THACKERVILLE, Okla. – It wasn’t the exact start he wanted back in 2008, but when Reese Cates pressed the challenge button inside the Thomas & Mack Center he was living his dream.
The 19-year-old was competing at his first Built Ford Tough World Finals and to this day he still remembers that once-in-a-lifetime feeling of making his first appearance at the PBR’s marque event.
“My favorite moment was probably at the Finals,” Cates recalled. “My very first bull bucked me off at 7.90 seconds. I hit the button and that is what it came to. I remember that moment and thinking this is what I have worked for my whole life and this is where I want to be.

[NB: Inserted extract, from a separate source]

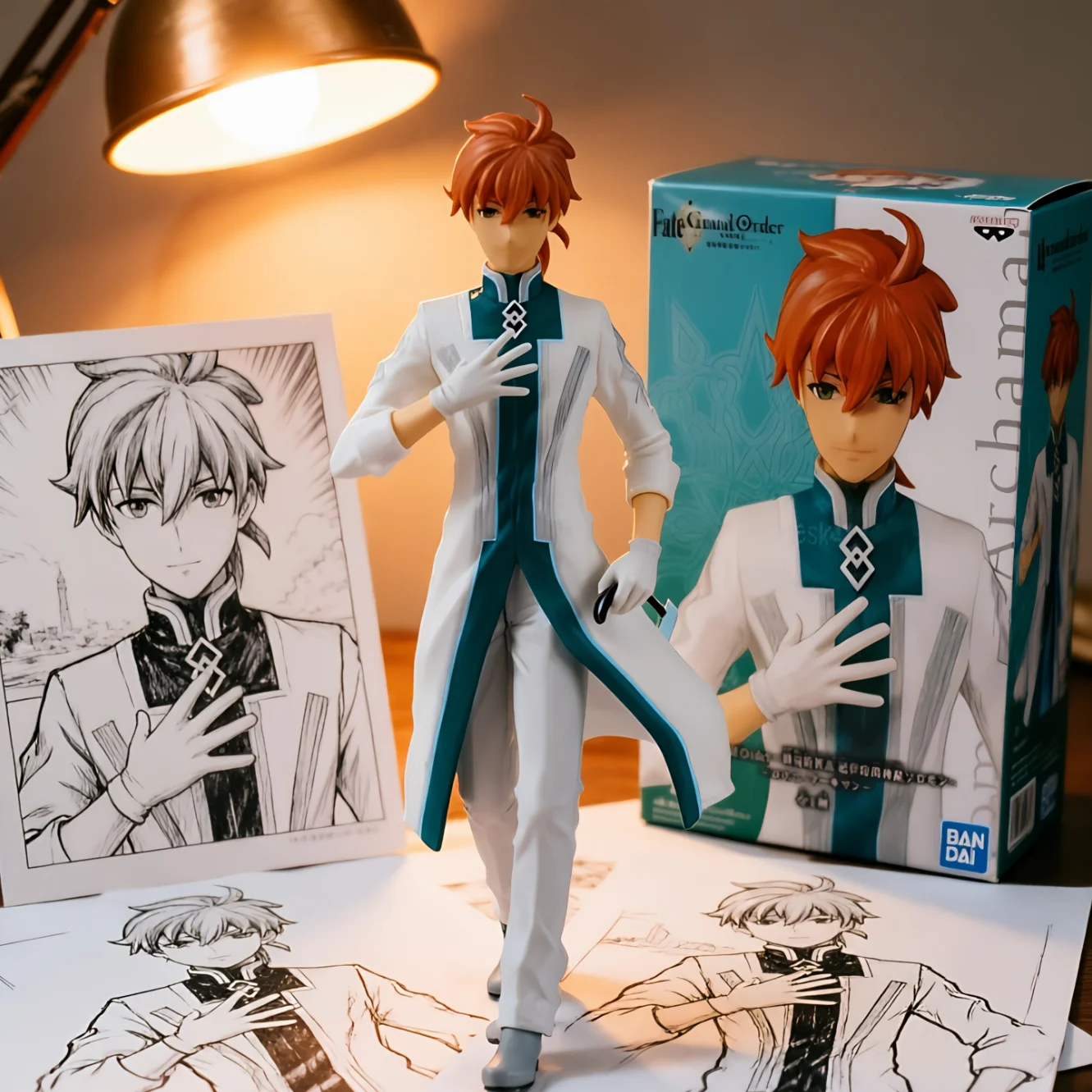Fate / FGO 眼镜厂 罗曼医生-18CM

I remember how happy that made me.
“I went on to ride my next six out of seven bulls there and I had a great time. I was there with my friends, and my family was able to come support me. I was a kid living his dream. It was definitely a dream.”
Cates posted two 90-point rides – 90.5 points on Firewater an 90 on Evil Forces – during his first World Finals appearance and the El Dorado, Arkansas, native was crowned the 2008 Rookie of the Year.

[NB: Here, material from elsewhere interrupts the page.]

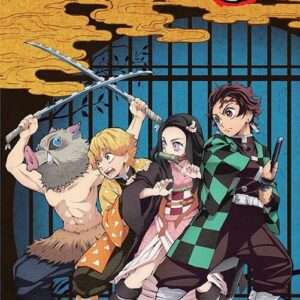 Demon Slayer Poster Gruppo 91.5 x 61 cm Abystyle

On Monday night, Cates will join host Craig Hummer, nine-time World Champion Justin McBride, PBR Director of Livestock Cody Lambert, 1994 Rookie of the Year J.W. Hart and McBride as a guest on “PBR Road to Vegas.”
The episode is the first of a five-part series that airs at 9:30 p.m. ET on CBS Sports Network.

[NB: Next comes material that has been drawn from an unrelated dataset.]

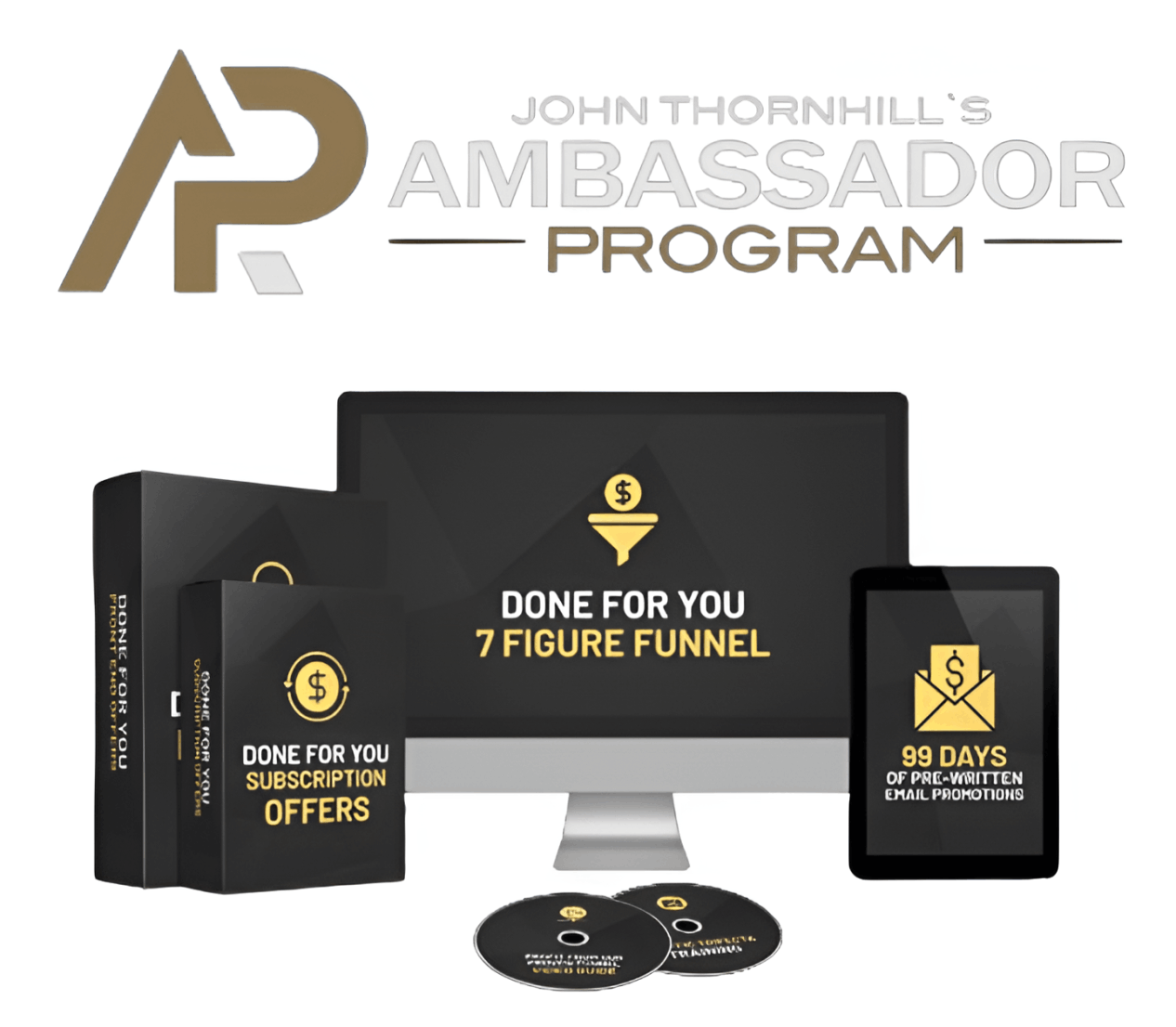 John Thornhill's Ambassador Program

Cates will be a part of the roundtable discussion focused on some of the top rookie performances at the World Finals, as well as the distractions that young riders face competing on the biggest stage.
The PBR was where Cates always wanted to be ever since he was a kid watching Justin McBride and Adriano Moraes make the 8-second whistle on television. Now there he was competing alongside both legends in what would be their final seasons in the PBR.
“It was such a fun season for me,” Cates said. “I was living a dream. My rookie season was the retirement season for McBride and Adriano Moraes, which was a very special part of the season to me. I got to ride against my hero for his last season and my first season. I was having fun and, hell, it was a good time.”
Cates was the 15th Rookie of the Year in PBR history and the first from Arkansas.
He concluded his rookie season ranked 11th in the world with a career-high 36 qualified rides and a 45.57 percent (36-for-79).
“It was an award I am thankful for even to this day that I received because you can never go back and try to win it again,” Cates said.
McBride wound up losing the Rookie of the Year crown to Mike White in 1999, but the retired bull rider and current CBS Sports Network commentator remembers how his first Finals taught him that he had to be stronger mentally.
He went 3-for-5 at the 1999 Finals.
“The main thing I learned from my first Finals was that I could do it,” he said. “I could belong there. I think that was the main takeaway. I (had) seen I could ride at that level, but I also learned it is not something you do sometimes. It is something you have to do every time. I (had) seen how the great guys went about it and why they were great. Physically they didn’t have anything more than I did, but mentally they were way better than I was.”
Hart admits he wasn’t focused on winning the Rookie of the Year title.
“The association was so new then that I don’t know if anybody focused on a rookie race,” Hart said. “To be honest, I didn’t even know I had won the Rookie of the Year until they handled me the buckle. It was nothing I had concerned myself with. I was just trying to impress my heroes. I wanted to beat those guys and show them guys I was as good as they are.”
Hart, McBride, Lambert, Murray and Cates have all been impressed with this year’s leading Rookie of the Year contender – Kaique Pacheco.
The standout 20-year-old from Brazil is third in the world standings and is trying to become the first PBR rookie to win the World Championship.
“Kaique has shown a lot of potential to not only be a rookie of the year, but to win a world title,” Cates said. “I don’t think Kaique is going to be able to pull away from it. I definitely think he has a gold buckle in his future.”
More importantly, Cates stressed that all rookies have to make sure to not let any short-lived success get to their heads.
You can have success one season and quickly be gone from the BFTS.
Cates knows firsthand.
Following his rookie year, would only finish inside the Top 35 of the world standings once (32nd, 2011) in the next six seasons and would go through various injuries and surgeries.
It is why the current No. 10 bull rider in the world standings has continued to work hard and strive for more this season, which has become his best season since his esteemed rookie season.
“Winning Rookie of the Year is something you are proud of at the time, but, as soon as you accomplish it, you have to reset your goals and start striving for something bigger and something better,” Cates said. “Even as important as just staying on tour. A lot of guys who won Rookie of the Year, the following year got cut. That was something that happen to me and something I had to deal with. I learned a lot during that period of time.
“There was a lot of growing and a lot of learning and I appreciate what that got for me and am thankful for all of that because it got me to where I am at today.”